Leveraging GPUs without cuQuantum

Hello,

is there some way of leveraging a non-cuQuantum-ready GPU like an RTX3060 to run quantum circuits?

In particular, I am also interested in how much speed up or increase in number of qubits I could achieve by running the circuit on such a GPU vs. a CPU like i5-12400F. At the moment I am using such a CPU with the lightning-kokkos plugin and OpenMPI. Are there some specific configurations or parameters I could adjust to increase the current performance of the last a setup?

Thank you very much in advance.

Hi @pormelrog

This is a very good question, and the answer will depend highly on your workload (circuit width and depth). For a quick demonstration of OpenMP performance with gate applications, LightningKokkos is your best bet initially (as you have found). If your circuit is quite deep, or beyond 20 qubits, running on a GPU is usually best.

If you want to use the ML frameworks directly, you can likely use default.qubit as a device, and load data using their locality methods (see here). Similarly, using the JAX interface allows you to target GPUs through jitting. For small workloads, these will likely be optimal, and especially if you are using backprop for gradients. For larger problems, backprop becomes infeasible due to memory contraints, and LGPU/LKokkos is with adjoint is likely the best option. However, if you don’t want/need gradients, you can set diff_method=None in the QNode, which should save some time in execution.

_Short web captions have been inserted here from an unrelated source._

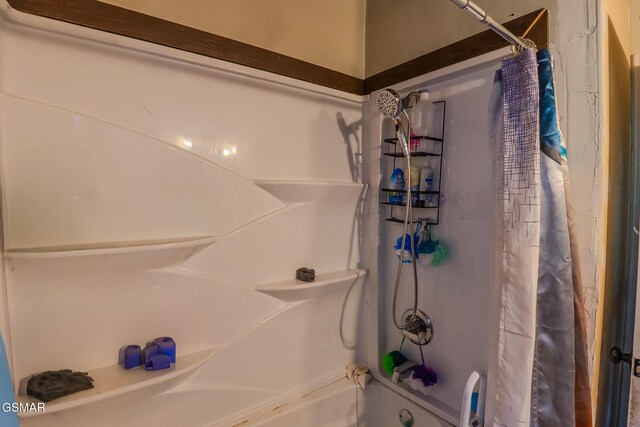 731 Pleasant Grove Rd, Winfield, TN 37892 - full bath featuring shower / tub combo with curtain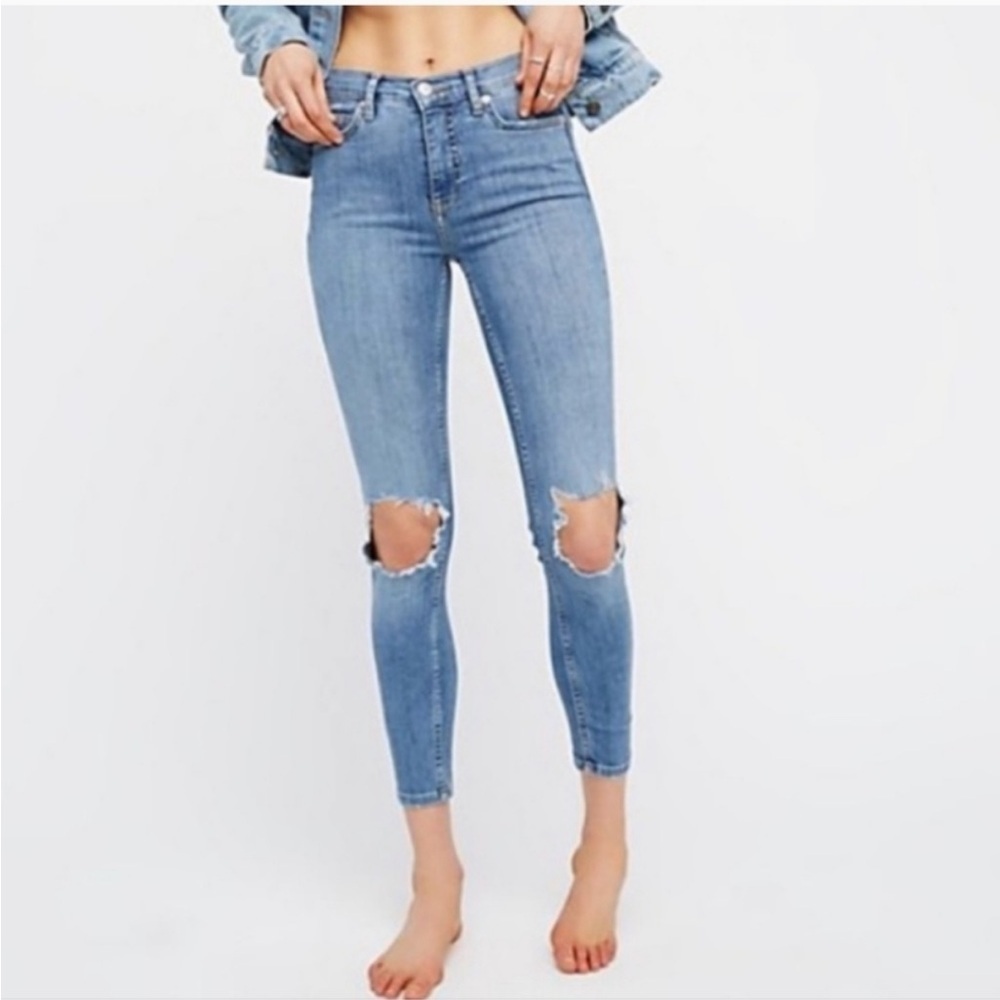 Free People High Waisted Jeans Size 29 Busted Knee
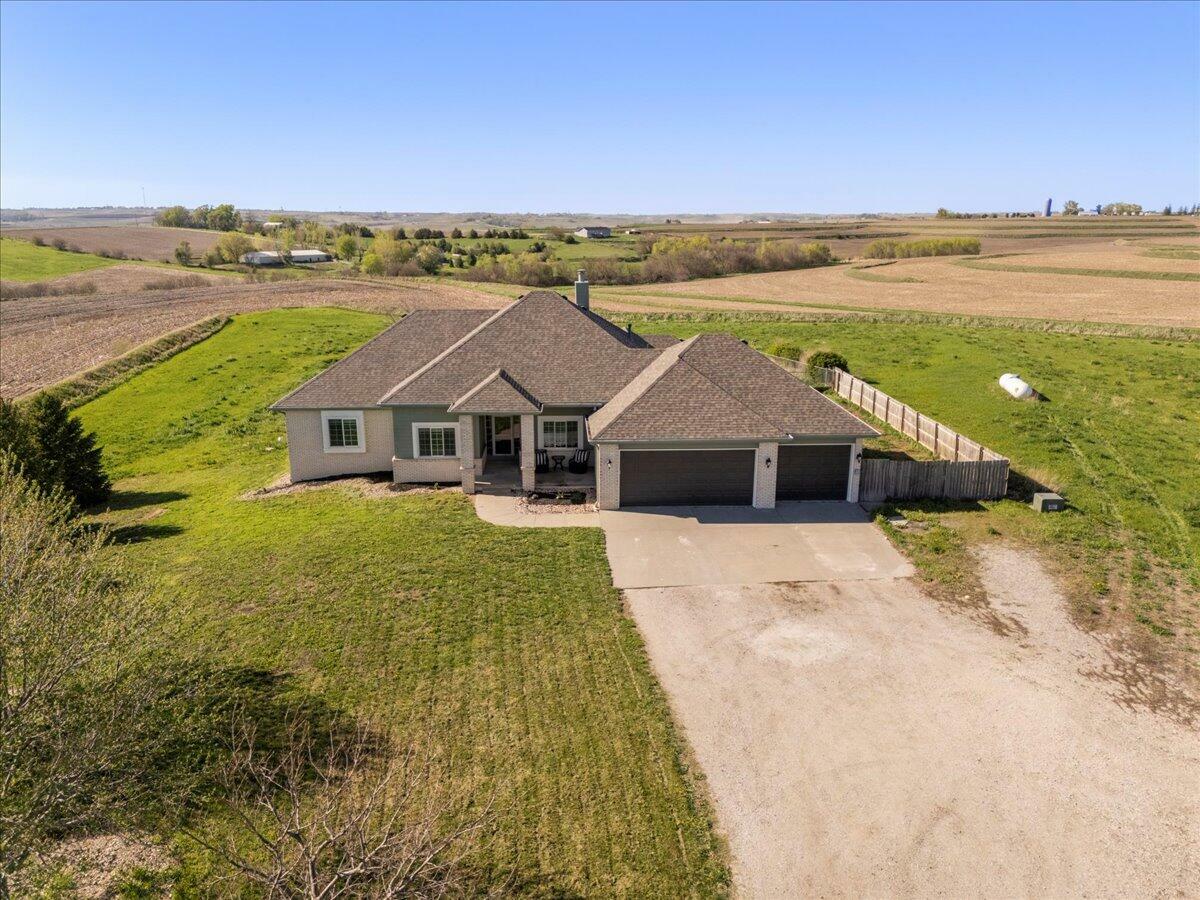 Property Photo: 27896 Chestnut Road IA 51575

Now, if you have an RTX3060, you should be able to use LightningGPU with cuQuantum (this GPU is SM8.6, above the SM7.0 threshold of cuQuantum). Explicit install instructions can be found here, which in this case are:

pip install nvidia-cusparse-cu12 nvidia-cublas-cu12 nvidia-cuda-runtime-cu12 custatevec_cu12
pip install pennylane pennylane-lightning-gpu

However, you can also install LightningKokkos with the CUDA backend with a little bit more work:

git clone https://github.com/PennyLaneAI/pennylane-lightning
cd pennylane-lightning
pip install -r ./requirements-dev.txt
PL_BACKEND="lightning_qubit" pip install . # Setup up the Lightning framework
CMAKE_ARGS="-DKokkos_ENABLE_CUDA=ON" PL_BACKEND="lightning_kokkos" pip install .

This should use the same Kokkos-defined kernels, and rebuild them to target your native CUDA architecture directly.

Feel free to let us know if the above steps help. If there are performance considerations you’d like more feedback on, sharing a minimum-working example of your workload would help too.